Why Multimedia Publishing is a Crock
(Appeared in Whole Earth Review, Winter, 1991.)
Many computer hardware and software companies are attempting to develop a new, computer-based medium, which has been tagged multimedia. Most of these systems use mass produced optical discs to store information, which you might someday buy at the corner audio or video store like tapes or audio CDs. This scenario is called multimedia publishing.
The purpose of any medium is to send messages. Since consumers of today already live in an information-saturated world, these new messages compete for a scarce resource: time. Messages compete for time in two ways: salience and production value. Salience is the relevance of the message to the consumer's personal interests. Production value is the amount of attention-getting media "heat" embodied in an message.
To give two examples: A car commercial on network television is likely to have extremely high production value - fast cuts, lots of action, and fancy graphics - but its salience to most consumers at the point of viewing is low. The production value of a three-line newspaper classified ad for a used motorboat is very low, but its salience to those who purposely turn to that column in the newspaper is high.
While both factors might be maximized, economic constraints usually encourage a trade-off between salience and production value. For example, targeted direct mail is a way in which advertisers pay to optimize salience. Very few direct marketers go the next step and also increase production value by, for example, mailing video tapes instead of print.
The fixed nature of current media emphasizes the tradeoff of salience and production value. For instance, network television has been inherently broadcast. With no means to optimize salience, the uniform trend in television is toward attention-getting high production value. This is seen even in news programs, which, though timely, are limited in their salience to any particular viewer.
Reader Relevance
Information which is optically published - compiled, edited and then pressed onto a compact disc - has limited currency and novelty due to the time taken to prepare and ship the material. Also, while the presentation order may be varied (by hypertext, search, guides and so forth), the underlying content always remains the same, and the portion relevant to a particular consumer will be exhausted at some point. These are two ways of saying that in spite of claims of interactivity, a medium based on optical publishing is inherently limited in salience.

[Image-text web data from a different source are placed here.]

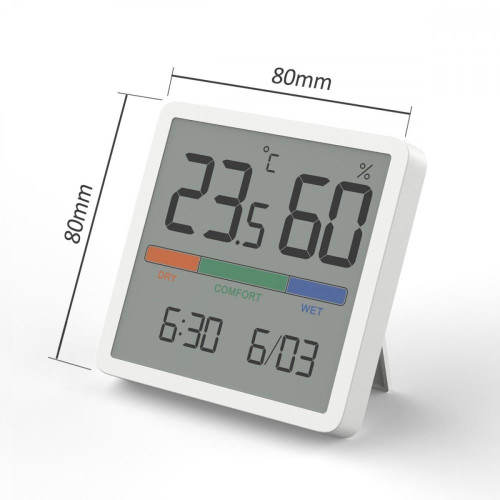 Termometr / higormetr stacja pogody z funkcją zegara i daty GB380 -7886851
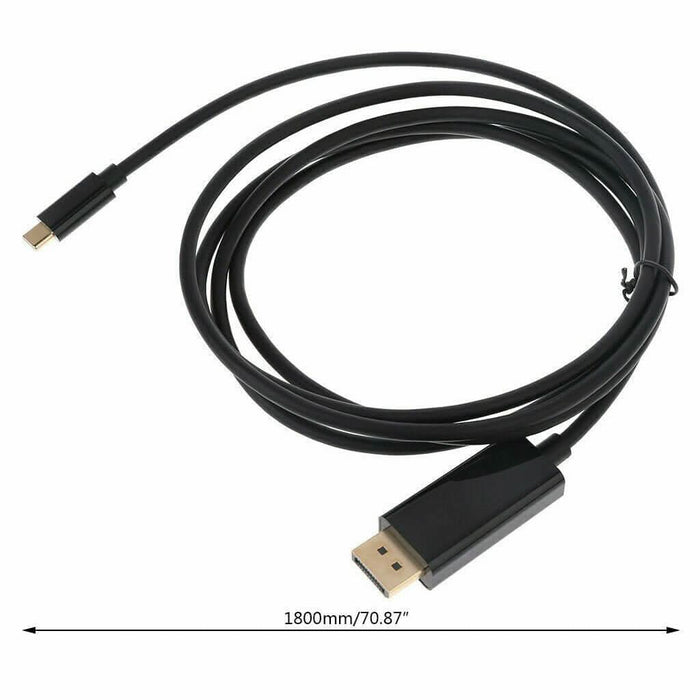 USB C to DisplayPort Cable 1.8M (4K@60Hz) USB 3.1 Type C to DP Display Port for PC Laptop Tablet Mobile Phone - Battery Mate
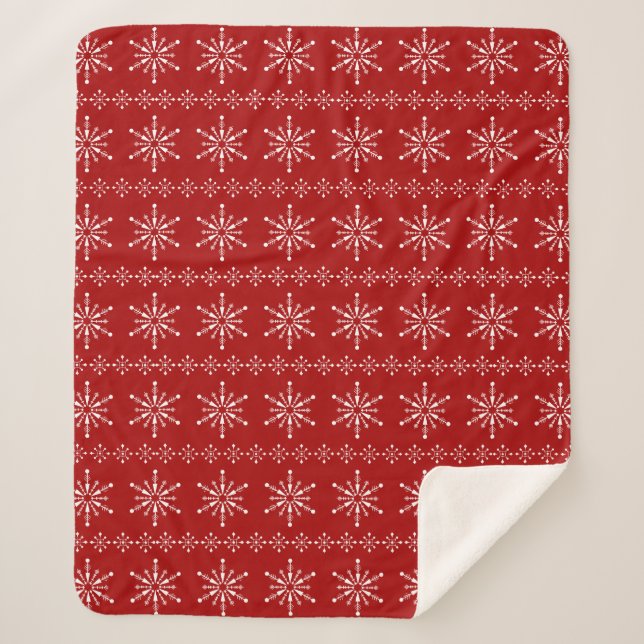 White and red Christmas snowflakes pattern Sherpa Blanket (Front)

Books, magazines, and newspapers have had similar limitations for 500 years and have done quite well. But multimedia has some further obstacles to overcome: the lack of portability of most players and the time to swap discs limit the "ready-to-handness" of the medium in comparison to books. A multimedia reader device must be purchased before any discs can be used. Since a new medium must be better than existing media in some respect to justify the initial purchase, multimedia systems have to find a way to compete in spite of these limits.

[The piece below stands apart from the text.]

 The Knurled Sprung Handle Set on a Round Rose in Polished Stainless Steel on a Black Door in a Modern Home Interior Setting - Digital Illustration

But optical publishing is locked into the wrong basis for competition. Since it cannot further improve salience to the end user, it must hike production values to compete. The medium must become capable of accepting these higher values and rendering them for the consumer, hence the push for full-screen motion video, rich stereo sounds, faster animation rates. But this leads to a series of problems:
- Today's consumer priced hardware is stretched to its limits to deliver acceptable video, graphics, and sound. This keeps system costs high, and will lead to frequent model changes as manufacturers try to push performance. This makes it harder to create multimedia content with any shelf life, and may leave consumers stuck and frustrated with expensive, incompatible equipment that keeps going obsolete.
- Greater production values are only purchased with greater production costs. This is a barrier to entry in the multimedia content marketplace. This cost structure favors existing infoglomerates who have the capital to make the initial investment, rather than smaller companies which might produce novel content. These large information owners are encouraged to hedge by publishing titles of broad interest, which in turn have reduced salience to any particular consumer.
- The characteristics of the resulting medium make it hard to make use existing content. Many previous new media, such as CD audio, were able to reuse existing material with minimal conversion. Some, such as videotape, allowed both conversion and the fresh creation of personal content by consumers. Nonwritable optical media prevent the latter option. Straight conversion of linear video or traditional book editorial structures to optical media gains little competitive advantage, resulting in a more expensive version of content that was already accessible. We are still working toward interactive media forms that will be compelling (see the 'Storytelling' section, WER#71), but it seems clear that simple copying or automatic reassembly of existing content has limited appeal.
To make multimedia publishing take off, there has to be a positive feedback cycle of hardware availability, content availability,and consumer purchases. Each of these problems puts a damper on that cycle. Several billion dollars have been spent to date trying to get the feedback going, with meager success and little examination of the underlying structural problems.
Competing with Salience
If we cast aside the current limits of optical media, we can think about optimizing salience, rather than production value, in a new medium. A medium which is designed to support salience should be:
- Timely: This means online, real-time data, instead of information that is batched up for publication.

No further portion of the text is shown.